Having anger and hatred in your system is not good for you. I am a prime example after being angry and hateful most of my life I know all too well what it does to a person. It causes issues mentally and physically. It makes being with other people difficult because the littlest thing can make you go over the edge.
Wanting revenge is also a sign of hatred against the people you hate, but some people take it to the next level. Some people actually methodically plan out revenge, and if successful it lasts for a few minutes for the guilt to set in. That way to go is not advisable because the legal system is a pain in the ass taking days out of your life in court. Not worth it.
There is another way to deal with those emotions though. Writing about it. Not using actual names of course, but taking the emotions and using them for something good and constructive. Writing about the situation that you are angry about or the types of people that make you hate or angry, and continually bashing it over and over again until it goes away. Writing about people getting it because of what they said and did. I thought if I ignore the bad things it would go away, but no it turns out it is here to stay.

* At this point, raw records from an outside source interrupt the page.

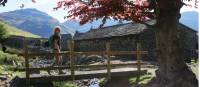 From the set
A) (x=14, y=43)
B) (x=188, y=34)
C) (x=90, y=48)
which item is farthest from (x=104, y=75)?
(x=14, y=43)

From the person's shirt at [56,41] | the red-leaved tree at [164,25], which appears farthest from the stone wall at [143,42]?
the red-leaved tree at [164,25]

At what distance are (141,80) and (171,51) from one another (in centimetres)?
495

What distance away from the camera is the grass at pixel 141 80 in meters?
17.6

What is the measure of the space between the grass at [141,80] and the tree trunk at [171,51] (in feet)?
10.0

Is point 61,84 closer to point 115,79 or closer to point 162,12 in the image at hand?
point 115,79

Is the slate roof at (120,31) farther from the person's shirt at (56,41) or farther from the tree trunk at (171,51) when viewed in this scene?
the tree trunk at (171,51)

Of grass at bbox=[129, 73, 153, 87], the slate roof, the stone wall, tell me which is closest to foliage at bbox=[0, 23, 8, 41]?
the slate roof

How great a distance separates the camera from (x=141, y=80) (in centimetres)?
1867

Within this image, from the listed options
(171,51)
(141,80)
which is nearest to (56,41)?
(141,80)

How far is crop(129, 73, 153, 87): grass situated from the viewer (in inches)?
692

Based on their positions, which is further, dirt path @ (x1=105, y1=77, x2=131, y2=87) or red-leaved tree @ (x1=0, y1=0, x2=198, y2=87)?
dirt path @ (x1=105, y1=77, x2=131, y2=87)

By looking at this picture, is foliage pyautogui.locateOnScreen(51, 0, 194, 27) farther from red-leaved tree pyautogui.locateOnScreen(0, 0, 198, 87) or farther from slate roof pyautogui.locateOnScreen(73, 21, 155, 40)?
slate roof pyautogui.locateOnScreen(73, 21, 155, 40)

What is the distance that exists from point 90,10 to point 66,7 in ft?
2.93

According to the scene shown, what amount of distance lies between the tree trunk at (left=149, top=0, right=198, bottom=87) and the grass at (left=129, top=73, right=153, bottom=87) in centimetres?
306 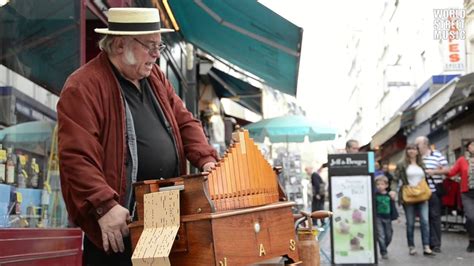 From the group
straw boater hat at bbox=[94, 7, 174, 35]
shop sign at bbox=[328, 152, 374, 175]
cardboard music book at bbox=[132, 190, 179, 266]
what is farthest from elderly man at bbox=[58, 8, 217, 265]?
shop sign at bbox=[328, 152, 374, 175]

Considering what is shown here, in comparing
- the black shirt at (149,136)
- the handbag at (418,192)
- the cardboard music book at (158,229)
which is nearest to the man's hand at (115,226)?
the cardboard music book at (158,229)

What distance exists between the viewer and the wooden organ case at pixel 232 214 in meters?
2.39

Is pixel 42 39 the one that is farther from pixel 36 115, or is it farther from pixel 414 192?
pixel 414 192

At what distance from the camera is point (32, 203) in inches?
213

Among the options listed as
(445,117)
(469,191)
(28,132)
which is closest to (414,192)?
(469,191)

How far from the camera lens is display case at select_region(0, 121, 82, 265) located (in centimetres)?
465

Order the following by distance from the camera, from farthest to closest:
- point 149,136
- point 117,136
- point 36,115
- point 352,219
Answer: point 352,219
point 36,115
point 149,136
point 117,136

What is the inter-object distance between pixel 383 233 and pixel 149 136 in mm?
7838

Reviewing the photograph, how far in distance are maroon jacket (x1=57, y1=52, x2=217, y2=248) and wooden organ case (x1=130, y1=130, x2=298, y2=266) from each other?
0.18 metres

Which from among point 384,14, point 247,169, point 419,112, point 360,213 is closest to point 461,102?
point 419,112

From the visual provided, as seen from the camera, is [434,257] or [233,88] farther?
[233,88]

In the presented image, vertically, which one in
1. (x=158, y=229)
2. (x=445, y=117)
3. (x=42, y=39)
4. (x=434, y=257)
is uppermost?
(x=445, y=117)

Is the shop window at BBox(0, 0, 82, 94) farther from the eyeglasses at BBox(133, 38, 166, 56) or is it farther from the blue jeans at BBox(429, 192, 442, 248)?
the blue jeans at BBox(429, 192, 442, 248)

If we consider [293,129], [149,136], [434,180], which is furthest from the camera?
[293,129] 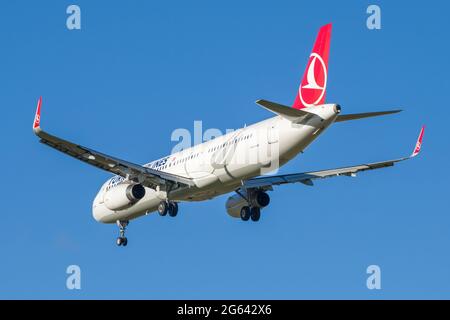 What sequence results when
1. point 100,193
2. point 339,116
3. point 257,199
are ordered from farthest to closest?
point 100,193 → point 257,199 → point 339,116

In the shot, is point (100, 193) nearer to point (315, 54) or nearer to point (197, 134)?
point (197, 134)

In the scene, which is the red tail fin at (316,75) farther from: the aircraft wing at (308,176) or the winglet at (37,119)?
the winglet at (37,119)

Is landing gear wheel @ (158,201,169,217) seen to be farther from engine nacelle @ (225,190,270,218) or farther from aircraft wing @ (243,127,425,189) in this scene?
engine nacelle @ (225,190,270,218)

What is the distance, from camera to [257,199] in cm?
5722

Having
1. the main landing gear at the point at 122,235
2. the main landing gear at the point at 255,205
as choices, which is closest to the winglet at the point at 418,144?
the main landing gear at the point at 255,205

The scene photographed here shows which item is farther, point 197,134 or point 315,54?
point 197,134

That is how I found my strength writing about the darker stuff until it does not bother me. I found those emotions as a catalyst to boost me to the next level. I use it like fuel making me write, and that is the reason why I do not feel like writing because I hated those emotions. That is probably the thing that is going to up my writing to the next level because I am turning those emotions into something constructive instead of destructive. I finally accepted what kind of writing I am good at, and how to handle certain emotions instead of letting it ruin my life.